At Pentagram, reflections on Five Ways the iPad Will Change Magazine Design:
A reset on advertising
“The mean little conventions of online advertising – banner ads, pop ups, and so forth – aren’t popular with readers, with advertisers, and certainly not with designers. The iPad’s a new medium that will create a whole range of opportunities. Once people start exploiting what it can do, we may see the kind of creative renaissance that will deliver the next George Lois or Lee Clow. People will start subscribing to certain i-mags just for the ads alone.”
Where by “people” they mean “design professionals”. This strikes me as wishful thinking. Does anyone else actually buy paper magazines just for the ads?

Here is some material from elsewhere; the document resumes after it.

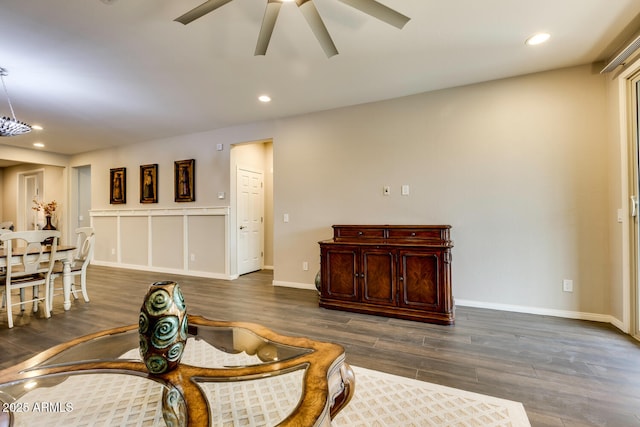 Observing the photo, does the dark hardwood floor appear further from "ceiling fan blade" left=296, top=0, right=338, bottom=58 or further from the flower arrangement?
the flower arrangement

John Gruber is convinced that the iPad heralds a sea change in the way people relate to computers:
Car enthusiasts (and genuine experts like race car drivers) still drive cars with manual transmissions. They offer more control; they’re more efficient. But the vast majority of cars sold today are automatics. So too it’ll be with computers. Eventually, the vast majority will be like the iPad in terms of the degree to which the underlying computer is abstracted away. Manual computers, like the Mac and Windows PCs, will slowly shift from the standard to the niche, something of interest only to experts and enthusiasts and developers.

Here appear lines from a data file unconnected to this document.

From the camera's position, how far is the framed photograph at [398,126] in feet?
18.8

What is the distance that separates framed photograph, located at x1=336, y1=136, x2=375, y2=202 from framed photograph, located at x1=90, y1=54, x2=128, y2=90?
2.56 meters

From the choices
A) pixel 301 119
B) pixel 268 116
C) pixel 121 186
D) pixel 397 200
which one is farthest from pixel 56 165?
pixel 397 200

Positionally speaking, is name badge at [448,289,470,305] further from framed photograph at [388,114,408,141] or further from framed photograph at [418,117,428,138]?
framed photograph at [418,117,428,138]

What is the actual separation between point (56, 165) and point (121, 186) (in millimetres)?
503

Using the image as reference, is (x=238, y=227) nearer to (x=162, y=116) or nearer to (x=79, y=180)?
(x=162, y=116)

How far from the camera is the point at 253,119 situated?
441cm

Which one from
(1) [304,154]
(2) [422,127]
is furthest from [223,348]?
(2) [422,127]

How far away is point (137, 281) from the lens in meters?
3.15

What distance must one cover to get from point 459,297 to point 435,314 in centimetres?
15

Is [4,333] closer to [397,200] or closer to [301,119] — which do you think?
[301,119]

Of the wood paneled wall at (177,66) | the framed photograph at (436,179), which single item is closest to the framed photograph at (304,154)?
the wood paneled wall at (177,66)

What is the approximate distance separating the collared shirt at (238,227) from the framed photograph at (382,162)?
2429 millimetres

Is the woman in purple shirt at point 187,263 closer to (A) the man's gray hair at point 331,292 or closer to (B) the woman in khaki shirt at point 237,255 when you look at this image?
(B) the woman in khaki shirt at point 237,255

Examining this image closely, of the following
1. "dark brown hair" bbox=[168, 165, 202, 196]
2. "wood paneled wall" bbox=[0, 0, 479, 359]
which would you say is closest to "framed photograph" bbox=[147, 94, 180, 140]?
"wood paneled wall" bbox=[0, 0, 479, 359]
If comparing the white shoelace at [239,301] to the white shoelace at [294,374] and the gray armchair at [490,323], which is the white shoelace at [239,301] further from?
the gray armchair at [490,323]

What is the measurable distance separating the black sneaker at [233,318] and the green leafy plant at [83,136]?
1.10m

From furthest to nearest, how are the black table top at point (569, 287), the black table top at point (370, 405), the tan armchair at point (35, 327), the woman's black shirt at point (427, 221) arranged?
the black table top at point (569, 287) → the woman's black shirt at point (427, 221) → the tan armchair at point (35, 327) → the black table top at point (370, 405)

Much of my handheld computing experience over the last decade has been with Palm handhelds which did a great deal to hide the details of the underlying file system from the user. I understand the attraction of that approach to computing. Why should a user care where their device stores a letter they’ve written, as long as they can access it again when they want to. However, as with any general purpose computer, users will eventually find themselves wanting to do something that the computer’s maker didn’t cater for. This might involve improving on the functionality of one of the bundled applications. It might involve doing something that wasn’t even conceived of when the computer was produced, like deciding in 1993 that you want to add a ‘web browser’ to your PC running Windows 3.11.
This is where the iPad experience may fall a bit short. On a classic PalmOS device there was plenty of third party software you could get to add functionality to your handheld. You could buy it on disk by mail order, get it from an independent online store like Palmgear, or download it direct from the author’s web site. With the iPhone and now the iPad, the App Store rules. Rafe Colburn sees the implications clearly:
Apple decides which software I can run on my iPhone. Apple provides the only means by which I can get it. The platform is for all intents and purposes, closed, and the hardware is closed as well. Sure, the iPhone is great to use, but the price of using it is that you’re rewarding Apple’s choice to bet on closed platforms.

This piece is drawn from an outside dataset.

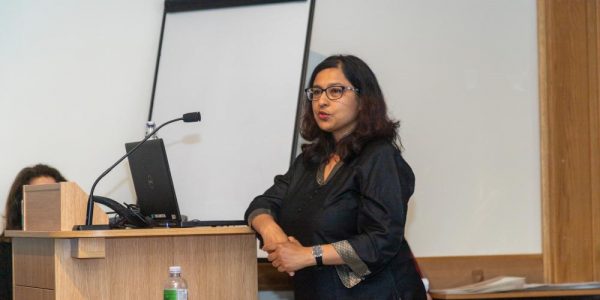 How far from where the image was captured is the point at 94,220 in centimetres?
270

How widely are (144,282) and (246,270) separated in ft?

What bothers me is that in terms of openness, the iPad is the same as the iPhone, but in terms of form factor, the iPad is essentially a general purpose computer. So it strikes me as a sort of Trojan horse that acculturates users to closed platforms as a viable alternative to open platforms, and not just when it comes to phones (which are closed pretty much across the board). The question we must ask ourselves as computer users is whether the tradeoff in freedom we make to enjoy Apple’s superior user experience is worth it.
Even if the approvals process for the App Store didn’t have a terrible reputation for producing capricious, not to say downright laughable decisions, the prospect of Apple acting as gatekeepers to my computer would be distinctly off-putting.
My prediction, for what it’s worth, is that the iPad will be like the original iPod: Apple weren’t the first company to produce a tablet computer, but they’ll be rewarded for the sheer attention to detail they put into the machine’s design. They’ll dominate the category, and may well grab a chunk of the market currently served by netbooks and cheap laptops, but five years from now there will still be plenty of demand for general-purpose laptop computers and desktop computers in various more traditional form factors.
With any luck, somewhere along the way Apple will take that lovely iPad hardware and use it to run a slightly scaled-down Mac OS X, instead of iPhone OS. That’s the iPad I’d like to buy.